• _Work item_
Pick out all lines in the listing holding the string "Pattern" and copy them.

• _Study material_

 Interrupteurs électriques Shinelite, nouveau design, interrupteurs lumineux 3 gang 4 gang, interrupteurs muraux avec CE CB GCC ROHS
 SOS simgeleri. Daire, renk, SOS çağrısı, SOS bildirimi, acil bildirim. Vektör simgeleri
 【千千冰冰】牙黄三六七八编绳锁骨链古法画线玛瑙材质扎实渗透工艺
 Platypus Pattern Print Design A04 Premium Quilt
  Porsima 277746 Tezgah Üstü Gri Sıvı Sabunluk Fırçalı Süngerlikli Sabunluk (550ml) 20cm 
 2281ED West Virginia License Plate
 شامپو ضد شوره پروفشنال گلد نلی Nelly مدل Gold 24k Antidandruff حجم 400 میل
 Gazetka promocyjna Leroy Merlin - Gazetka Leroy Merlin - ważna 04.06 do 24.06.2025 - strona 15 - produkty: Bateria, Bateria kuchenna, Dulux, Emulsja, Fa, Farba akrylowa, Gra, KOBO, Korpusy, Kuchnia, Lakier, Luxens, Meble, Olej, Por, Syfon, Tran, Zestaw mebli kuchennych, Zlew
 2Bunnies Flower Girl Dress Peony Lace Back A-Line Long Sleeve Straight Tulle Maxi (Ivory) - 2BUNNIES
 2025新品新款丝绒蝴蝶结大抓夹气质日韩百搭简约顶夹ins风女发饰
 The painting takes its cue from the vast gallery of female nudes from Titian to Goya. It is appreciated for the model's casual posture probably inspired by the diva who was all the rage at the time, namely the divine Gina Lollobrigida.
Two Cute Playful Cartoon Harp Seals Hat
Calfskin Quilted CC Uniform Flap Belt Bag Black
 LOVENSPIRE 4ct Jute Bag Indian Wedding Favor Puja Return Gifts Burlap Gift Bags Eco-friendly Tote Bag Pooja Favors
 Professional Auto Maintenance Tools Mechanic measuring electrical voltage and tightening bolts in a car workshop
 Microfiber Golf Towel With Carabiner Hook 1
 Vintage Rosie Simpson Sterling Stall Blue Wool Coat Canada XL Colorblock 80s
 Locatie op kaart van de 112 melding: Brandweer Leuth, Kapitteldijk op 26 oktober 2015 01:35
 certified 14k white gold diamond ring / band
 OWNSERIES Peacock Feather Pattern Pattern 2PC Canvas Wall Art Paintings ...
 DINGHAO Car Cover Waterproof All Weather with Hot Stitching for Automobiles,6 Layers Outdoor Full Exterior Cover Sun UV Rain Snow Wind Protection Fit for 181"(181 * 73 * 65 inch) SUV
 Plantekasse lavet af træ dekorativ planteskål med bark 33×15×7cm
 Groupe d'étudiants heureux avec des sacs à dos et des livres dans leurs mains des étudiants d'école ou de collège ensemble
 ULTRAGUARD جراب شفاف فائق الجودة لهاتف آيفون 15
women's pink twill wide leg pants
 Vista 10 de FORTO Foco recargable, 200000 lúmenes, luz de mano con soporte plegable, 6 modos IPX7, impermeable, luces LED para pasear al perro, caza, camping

• _Problem solution_
 Platypus Pattern Print Design A04 Premium Quilt
 OWNSERIES Peacock Feather Pattern Pattern 2PC Canvas Wall Art Paintings ...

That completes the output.